If vfs_rename discovers a delegation in need of breaking at either the source or destination, it will return -EWOULDBLOCK and return a reference to the inode in delegated_inode. The caller should then break the delegation and retry. Because breaking a delegation may take a long time, the caller should drop all locks before doing so.
Alternatively, a caller may pass NULL for delegated_inode. This may be appropriate for callers that expect the underlying filesystem not to be NFS exported.
The worst of all namespace operations - renaming directory. “Perverted” doesn't even start to describe it. Somebody in UCB had a heck of a trip...
a) we can get into loop creation. Check is done in is_subdir. b) race potential - two innocent renames can create a loop together. That's where 4.4 screws up. Current fix: serialization on sb->s_vfs_rename_mutex. We might be more accurate, but that's another story. c) we have to lock _four_ objects - parents and victim (if it exists), and source (if it is not a directory). And that - after we got ->i_mutex on parents (until then we don't know whether the target exists). Solution: try to be smart with locking order for inodes.
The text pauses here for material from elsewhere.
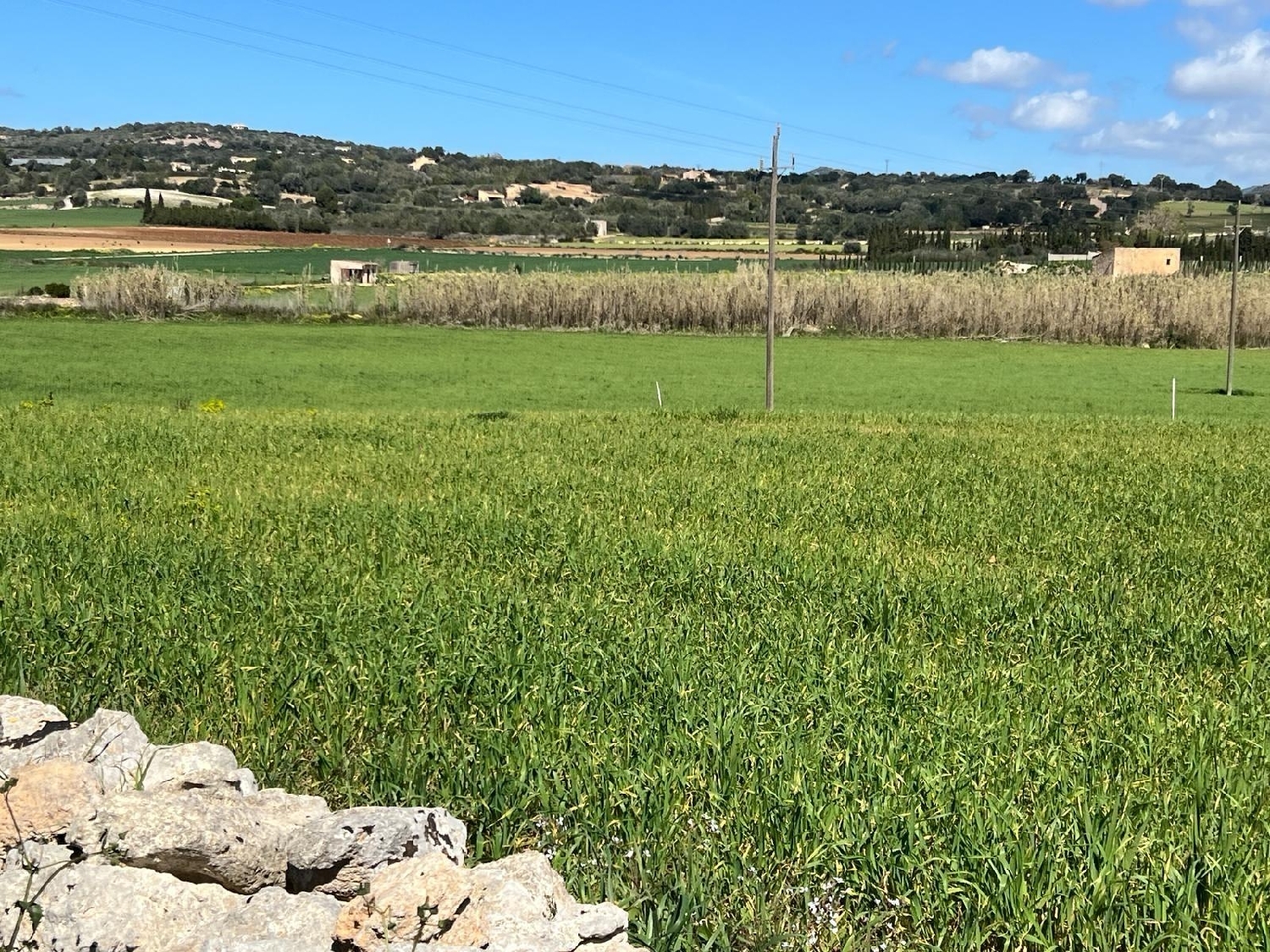  à vendre maison de campagne Manacor Llevant 7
We rely on the fact that tree topology may change only under ->s_vfs_rename_mutex _and_ that parent of the object we move will be locked. Thus we can rank directories by the tree (ancestors first) and rank all non-directories after them. That works since everybody except rename does “lock parent, lookup, lock child” and rename is under ->s_vfs_rename_mutex. HOWEVER, it relies on the assumption that any object with ->lookup has no more than 1 dentry. If “hybrid” objects will ever appear, we'd better make sure that there's no link(2) for them. d) conversion from fhandle to dentry may come in the wrong moment - when we are removing the target. Solution: we will have to grab ->i_mutex in the fhandle_to_dentry code. [FIXME - current nfsfh.c relies on ->i_mutex on parents, which works but leads to some truly excessive locking].